The point of deleting questions is in fine to make the Internet a better place. Closed questions (throughout this post, this does not include duplicates) are questions that have been considered unwelcome here. Off-topic questions are questions we do not have the expertise to answer; our answers have not been reviewed by competent people, so their validity is put into question. Non-constructive or “not real” questions are questions that cannot reasonably be answered; answers to such questions are usually partial and often miselading. Too localized questions do not add value due to highly limited interest.
Responding to your arguments:
- Reputation points are not a consideration when taking moderation actions (whether acting as a user with reputation-granted privileges, or as a diamond moderator). The purpose of moderation is to clean up the site.
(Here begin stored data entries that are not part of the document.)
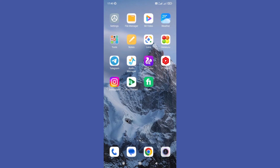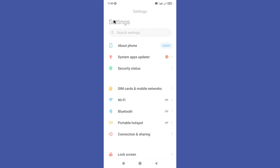Hello guys, welcome back to another tutorial. In this tutorial we are going to learn about how to fix Facebook Messenger login problem. First, you need to open your Settings app.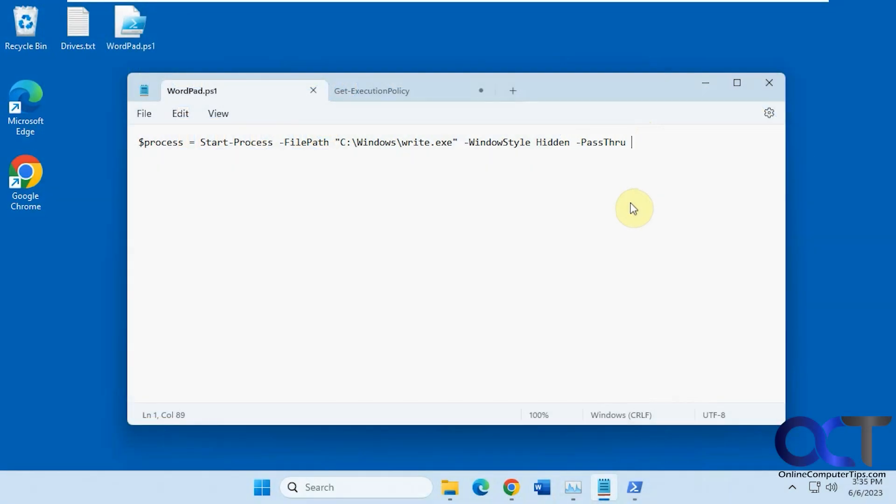Hi, in this video we're going to show you how to start a program or process and have it run in the background so it doesn't show up in the taskbar here. So let's say you wanted to run a specific program and you shared a computer and you didn't want anyone else to know it was running, so they can't close it, that type of thing.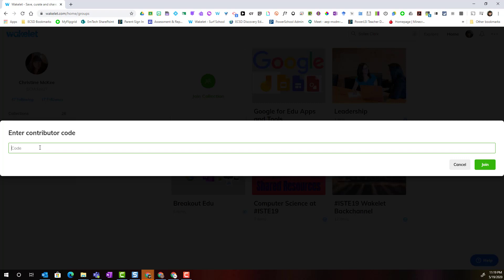You do not need the entire link — you simply need the contributor code from the individual who invited you to contribute to the collection. Once you've entered the code, click Join and you'll be added as a contributor to that collection.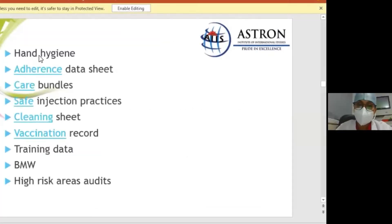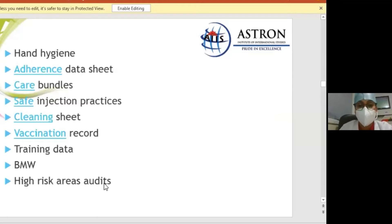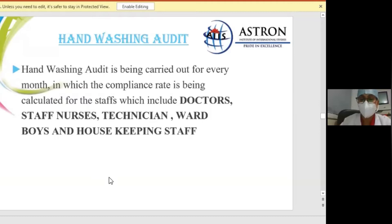The parts of environmental data collection include hand hygiene adherence, bundle care, safe injection practices, cleaning sheets, vaccination records, training data, biomedical waste, and high-risk area audits. Hand washing audit is carried out every month, in which the compliance rate is calculated for staff including doctors, staff nurses, technicians, ward boys, and housekeeping staff.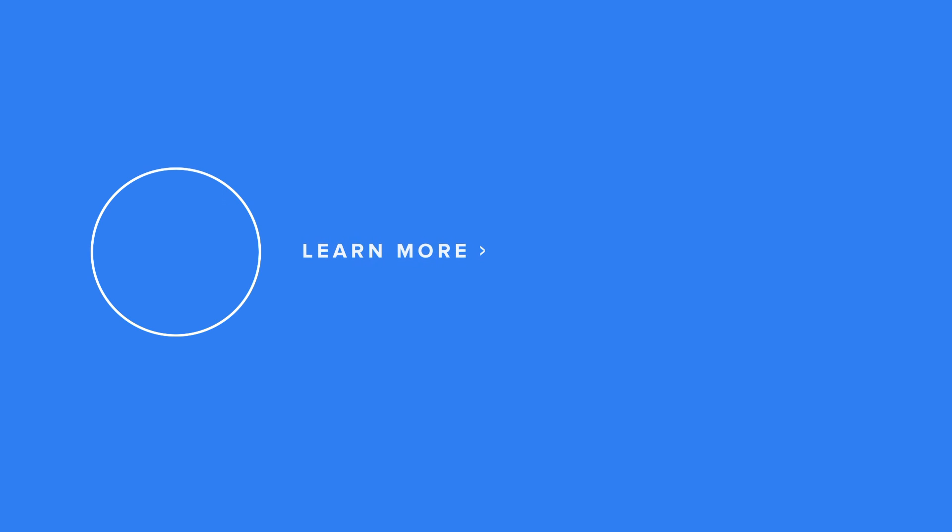Thanks for watching! Check out the space below for some useful links, and if you found this video helpful, give us a like!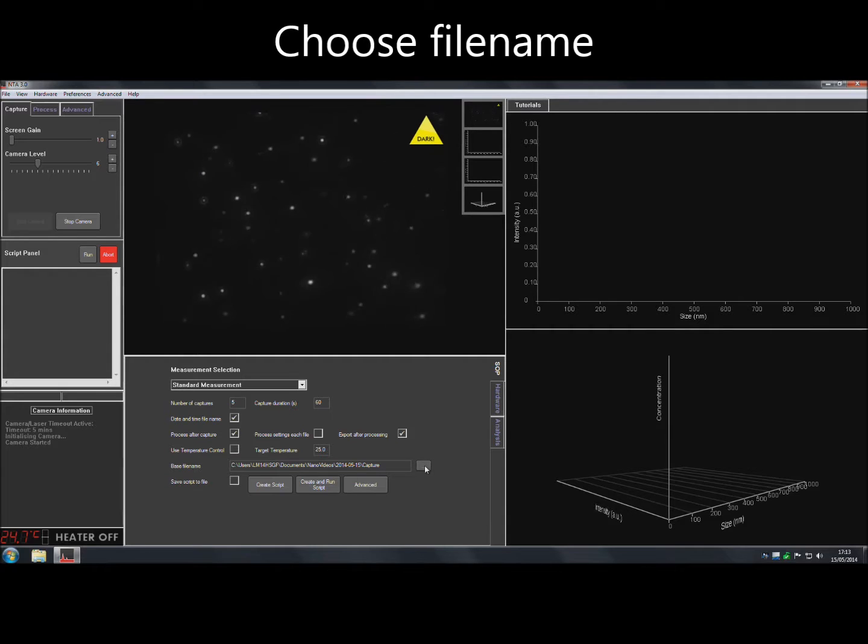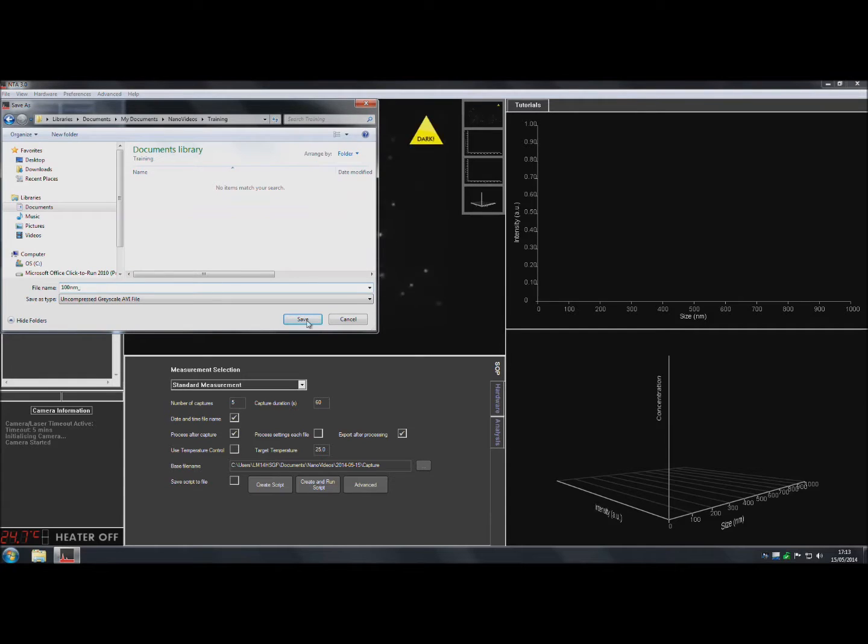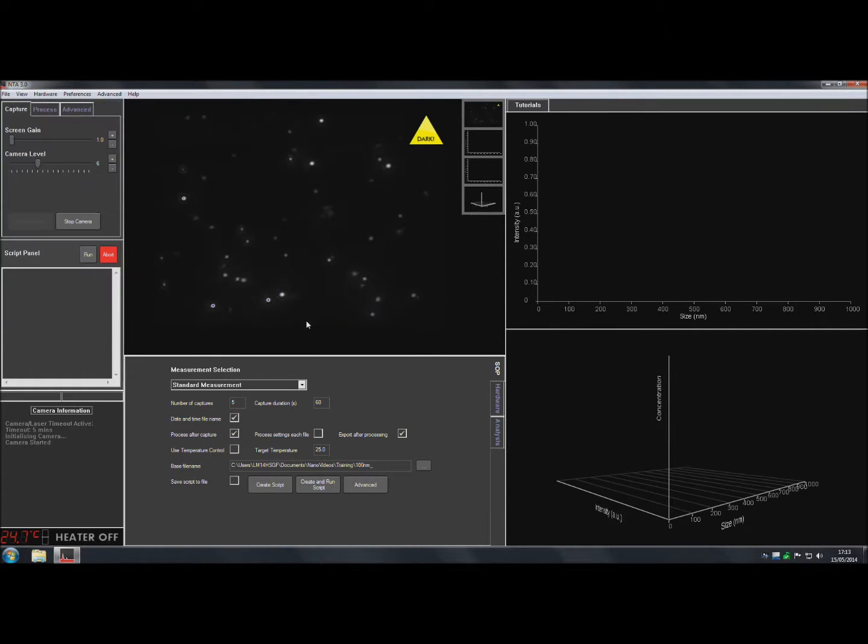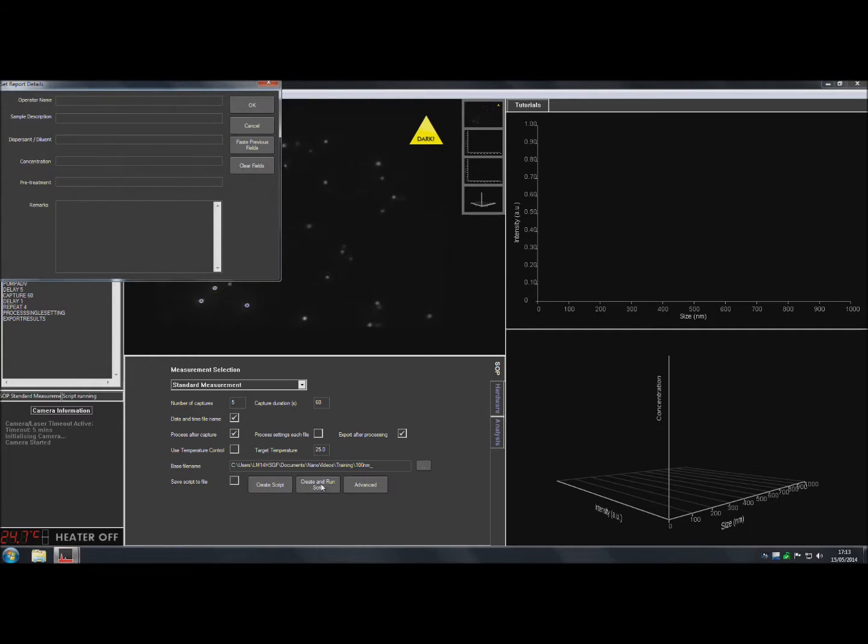Choose a name and location for the captured video files. When ready, click Create and Run Script.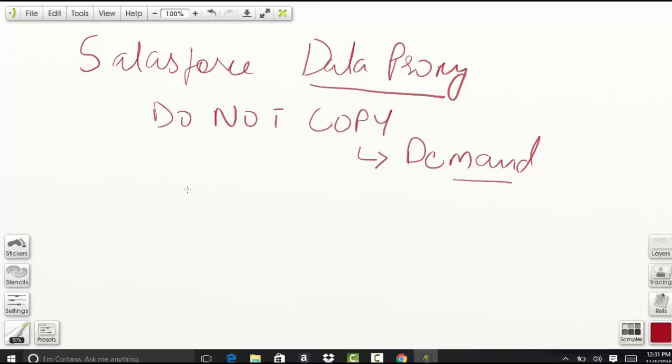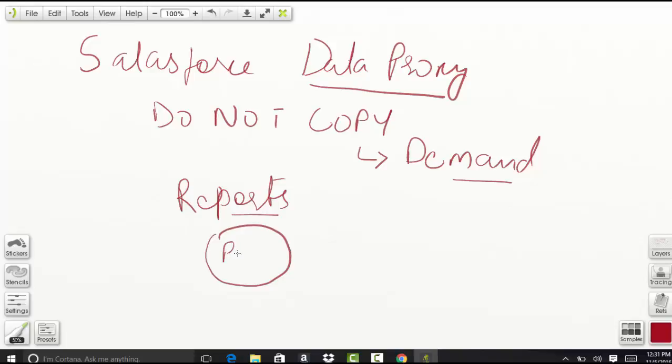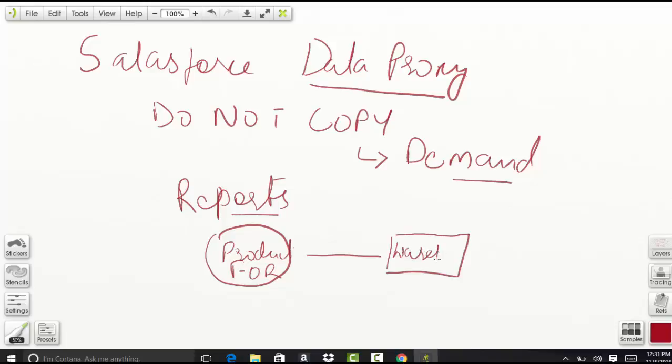For example, as a Salesforce user, I'm running reports. In my reports, I need the product data which is available on the force.com platform. I also have another external system which has warehousing data. To run my reports, I need data from both systems.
- Closed questions are still found in searches. They have exactly the same visibility as open questions.
- I have never seen it useful to have a record of rejected questions.
- When a borderline question is asked, it is best if there is no closed, non-deleted similar question already on the site. This lets the new question be evaluated on its own merits, rather than being summarily lumped with the old question and pressured into sharing its fate.
I do not see why Computer Science should have a different policy from other sites.
Closed questions are not deleted while there is still debate as to whether they should be reopened. After two weeks, I did not see any hint of a debate as to whether Why does Knuth persist with MIX/MMIX? might be reopened. If you think this question can be improved and reopened, answer here or flag it and a moderator will undelete it.